With a new set of consoles arriving next year, the NBA 2K franchise will likely be kicking off a rebuilding phase soon. So, does NBA 2K20 send this generation off with a bang? Or does it feel like that veteran that’s held on too long? Lace up your sneakers, it’s time to find out…
As fans have come to expect, NBA 2K20 does a nice job of balancing depth and accessibility, with everything you need to get by -- passing, ball handling, shooting, defense – being intuitively mapped to the two thumbsticks, face buttons, and L and R triggers. Don’t expect any major new additions, like last year’s Takeover mechanic, but NBA 2K developer Visual Concepts have introduced a variety of welcome tweaks and improvements.
NBA 2K20 is a touch slower than last year’s game, but it actually feels more fluid thanks to an updated animation and motion system. Players are quicker on their feet and the game looks and feels as realistic as it ever has. Last year’s game did a good job of making shooting less fussy and frustrating, and 2K20 continues in that direction – you can’t be reckless, but if you pick your shots well, you should be able hit jumpers and three-pointers consistently, even with defenders up in your face. Overall, the game feels a bit more offense-oriented this year, which is fine. I prefer to end games with proper NBA-like scores, instead of winning with 70 points. Overall, NBA 2K20 just feels right. Authentic yet empowering, and a huge improvement over where the series was a couple years ago.

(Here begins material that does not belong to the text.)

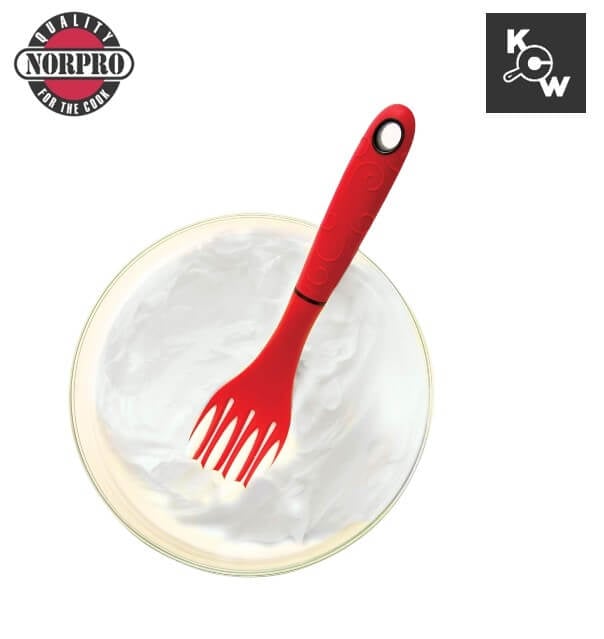 ตะกร้อตีไข่ฟิสกี้ไนลอน Norpro 1719 สีแดง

Visually, the game’s about on par with what we’ve seen the past few years. The NBA 2K engine is well past its prime, but Visual Concepts manages to squeeze a few more drops of blood from the stone. As you would expect, big stars like LeBron James, Anthony Davis, and Kawhi Leonard look great, but even most of the second-stringers look okay this time around. WNBA players, making their first appearance in an NBA 2K game, are a welcome addition, although their character models are a bit inconsistent and generally less expressive than their male counterparts. That said, if I’m honest, Visual Concepts did a better job with the WNBA stars than I was expecting (the female wrestlers always look downright embarrassing in the WWE 2K games). NBA 2K20 still feels like a top-of-the-line product, even if it’s slipped slightly behind some competitors like EA’s FIFA series in terms of presentation.

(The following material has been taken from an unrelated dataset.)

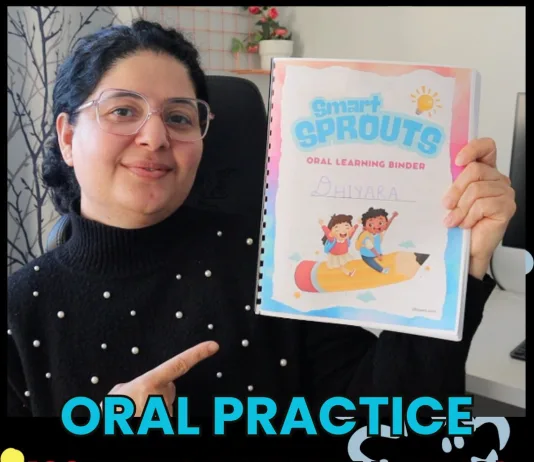 100-page Oral Learning Binder for Kids aged 5-10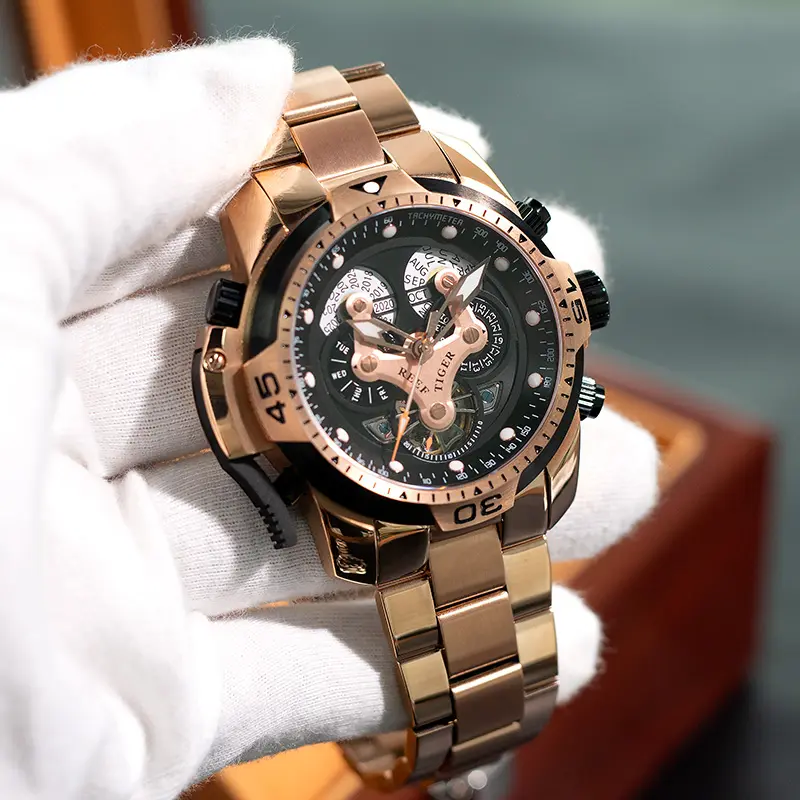 Men's Mechanical Watch Large Dial Waterproof Strong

As in the past, NBA 2K20 is roughly split into three parts – MyCareer, MyTeam, and MyGM/League. MyCareer is as good as it’s ever been, starting with a thoughtfully revamped MyPlayer creator. The editor has been streamlined in many respects, but ultimately gives you more freedom to create the kind of baller you want, both in terms of look and playstyle. Once you’ve customized your player’s appearance, it’s up to you to decide on the position, balance of skills (shooting, finishing, playmaking, and defense), and physical attributes (speed, strength, acceleration, vertical jump) you want. This is all presented as a very easy-to-understand series of pie-charts you choose between. From there, you pick a Takeover and assign attribute points to determine your character’s maximum potential, giving you full control over how they’ll grow and develop as you play. Once you’re done, the game will tell you exactly what class you created. It’s all rather satisfying, and I actually rolled up several players before settling on a relatively well-balanced “3-Level Scorer” shooting guard.
MyCareer’s cinematic prologue is produced by LeBron James and his company SpringHill Entertainment, and the results are fairly impressive. This year’s young up-and-comer hoping to make it to the big leagues is “Che,” an idealistic agitator clearly meant to invite comparisons to Colin Kaepernick. Che decides to sit out a college championship game when his coach forces a teammate to transfer to a new school, which (somehow) becomes national news. I refuse to believe even diehard college basketball fans would care that much about one guy missing a single game due to a coaching dispute, but hey, faux edginess aside, this is still the best-told story the series has offered to date. The cutscenes are impressive, the celebrity cast including Idris Elba, Rosario Dawson, Thomas Middleditch, and, uh…Urkel, turn in good work, and the journey feels a bit more grounded and truer to life than in the past. The prologue also serves up some unique gameplay scenarios, including an all-star pickup game on a movie backlot and full recreation of the NBA Draft Combine.
Of course, as always, the flashy cinematic prologue only lasts around five hours, at which point, you join an NBA team and get down to the repetitive business of working through the season. A few more decisions and quick cutscenes are mixed into the regular season now, but, for the most part, the drama is left behind. As I’ve said before, I wish more of the personality found in the prologue could carry over into MyCareer proper.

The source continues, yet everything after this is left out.